Le Salon du dessin est certes une « foire » dédiée à un seul médium et ce n’est pas un détail – il n’existe pas de Salon de la peinture ou de Salon de la sculpture –, mais il est aussi un véritable laboratoire de réflexion. Il constitue un espace et un moment uniques pour apprécier l’évolution du goût pour le dessin. Lors de la dernière édition, en juin 2022, déjà des signaux très forts montraient que les lignes avaient quelque peu bougé.
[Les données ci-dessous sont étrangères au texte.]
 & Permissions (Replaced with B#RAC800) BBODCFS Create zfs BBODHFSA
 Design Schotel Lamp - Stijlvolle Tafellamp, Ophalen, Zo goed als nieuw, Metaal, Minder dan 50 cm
Cette année, nous sommes presque aux antipodes des manifestations d’il y a dix ou douze ans. Les accrochages se sont sensiblement allégés. Même des exposants « historiques » ont modifié leur présentation, et cela ne tient pas seulement à la manière de planter des clous sur des cimaises ! Sur le stand de Pandora Old Masters, Christian Lapeyre et Lester Carissimi ont placé au centre du pan de mur principal un Double autoportrait de la folie d’Antonio Mancini (1852-1930) datant de 1881, entouré d’un cadre très imposant. Le statut même de l’objet est différent et il n’est pas nécessairement destiné à des amateurs de dessins, à moins justement que ces derniers soient en train de changer leur propre façon de les exposer. Chez Terrades, la sélection est de très grande qualité et l’accrochage est ici aussi plus allégé. Le sentiment d’un changement subtil s’empare du visiteur averti comme si un vent léger de nouveauté caressait l’ADN de la galerie. Il n’est d’ailleurs pas nécessaire d’en faire trop quand on présente une œuvre aussi subtile que l’étude de tête d’homme de Pierre-Paul Prud’hon, préparatoire à l’œuvre iconique de Constance Mayer, Le Rêve du bonheur.
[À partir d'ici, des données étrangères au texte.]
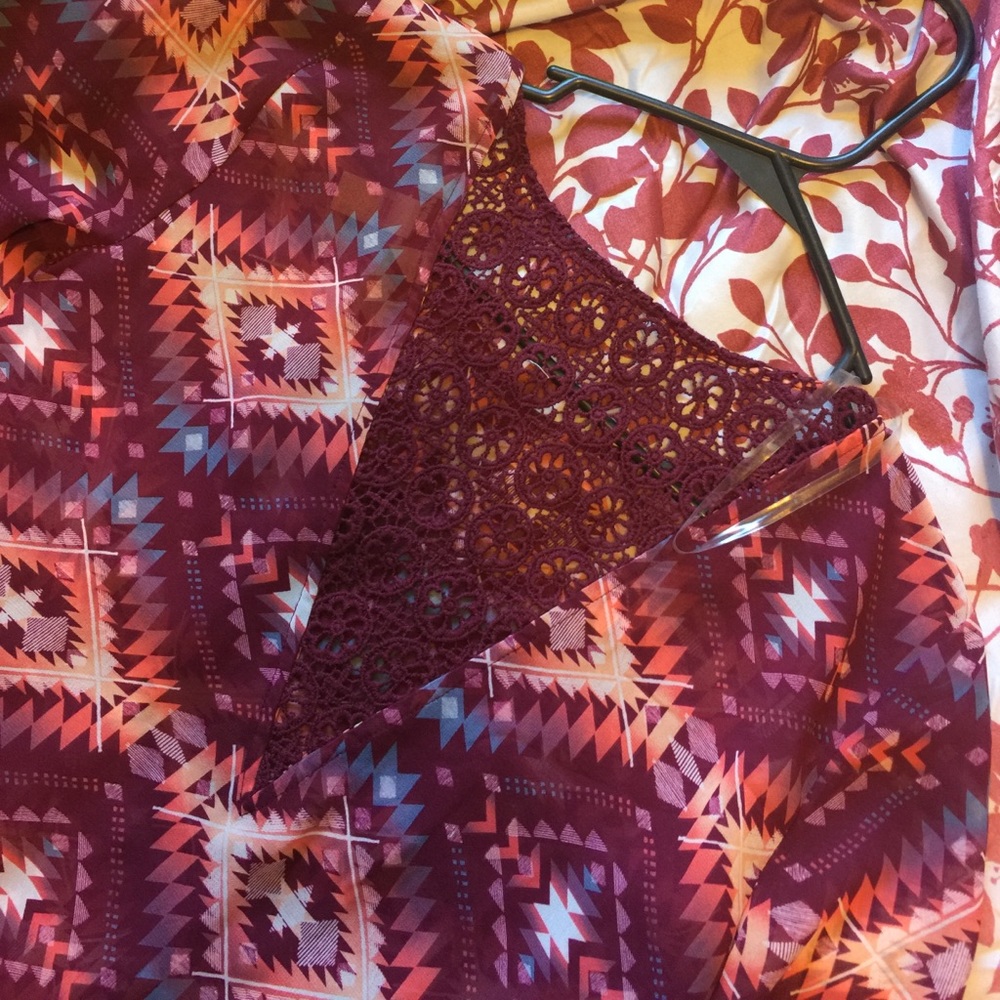 Patterned blouse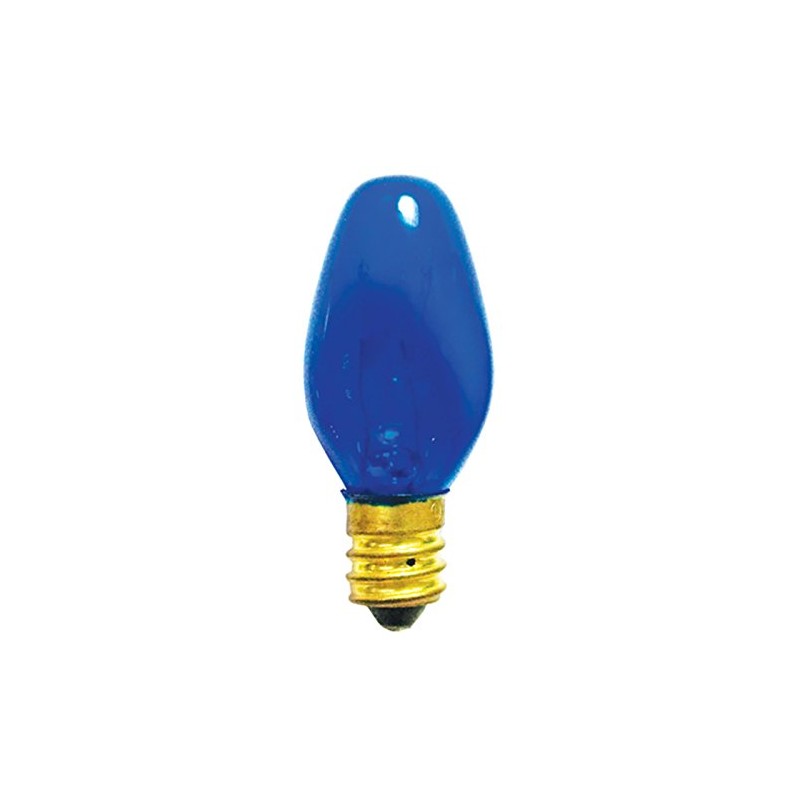 Bulbrite 5C7TB 7W C7 Christmas Light, Transparent Blue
Le Salon est aussi l’occasion de mesurer les forces en présence. Les très grands marchands étrangers tels Mark Brady (New York), Florian Härb (Londres) ou Jean-Luc Baroni (Londres) ont sorti le grand jeu et des noms à faire pâlir d’envie les impétrants. Mais ils exposent aussi, au fur et à mesure que les années passent, des œuvres beaucoup moins attendues. Dans le monde du dessin, « l’œil » du marchand est une combinaison entre ses connaissances et son goût. Chez Brady, Rome, le forum, le temple de Saturne d’Auguste Anastasi ou L’Homme en costume japonais de Giuseppe Signorini sont sans doute les plus belles feuilles réalisées par ces deux artistes méconnus, mais elles « tiennent » à côté des Degas et autres célébrités. Beaucoup jouent la carte de l’audace. Hervé Aaron (galerie Didier Aaron) n’aurait certainement jamais songé à mettre sur un piédestal Hélène Andersen, artiste de l’école danoise du premier quart du XXe siècle, si ce n’était pour cette Étude de masque en plâtre. Que dire aussi du Portrait du duc de Chaulnes représenté en Hercule par Nattier à la galerie de Bayser ? Nous sommes loin du Nattier policé…
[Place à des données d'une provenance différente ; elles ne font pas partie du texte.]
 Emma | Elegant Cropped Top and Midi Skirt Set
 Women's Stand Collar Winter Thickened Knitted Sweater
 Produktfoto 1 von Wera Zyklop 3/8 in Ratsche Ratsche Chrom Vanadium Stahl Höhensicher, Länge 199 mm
Aussi, certains marchands méritent désormais une attention particulière : Enrico Frascione par exemple, dont le stand monte en puissance par sa qualité d’une année à l’autre – et il ne s’agit que de sa deuxième… participation ; le coup d’essai d’Alexis Pentcheff qui expose tout un mur de petits dessins de Vuillard ; ou encore du spectaculaire ensemble dédié aux paysages aixois à la gouache de Fabienne Verdier chez Waddington Custot. Quelques œuvres mériteraient à elles seules une visite, tels La jeune harpiste de Jacques-Émile Blanche chez Ary Jean ; PM1972-15 d’Hans Hartung à la galerie Berès ; l’époustouflante tête d’expression de Carle Vernet chez Didier Aaron ; l’étude pour Hercule et Omphale de Simon Vouet chez De Bayser ; L’oiseau argenté de Gustaf Tenggren chez Benjamin Peronnet ; ou le Marteau sur l’oreiller II, pastel, crayon et fusain sur papier de Ra’anan Levy à la Galerie Dina Vierny. Aussi, il faut prendre le temps de visiter le stand d'Onno van Seggelen car il résume à lui seul les perspectives du dessin nordique, domaine dans lequel il est encore possible de découvrir de véritables perles.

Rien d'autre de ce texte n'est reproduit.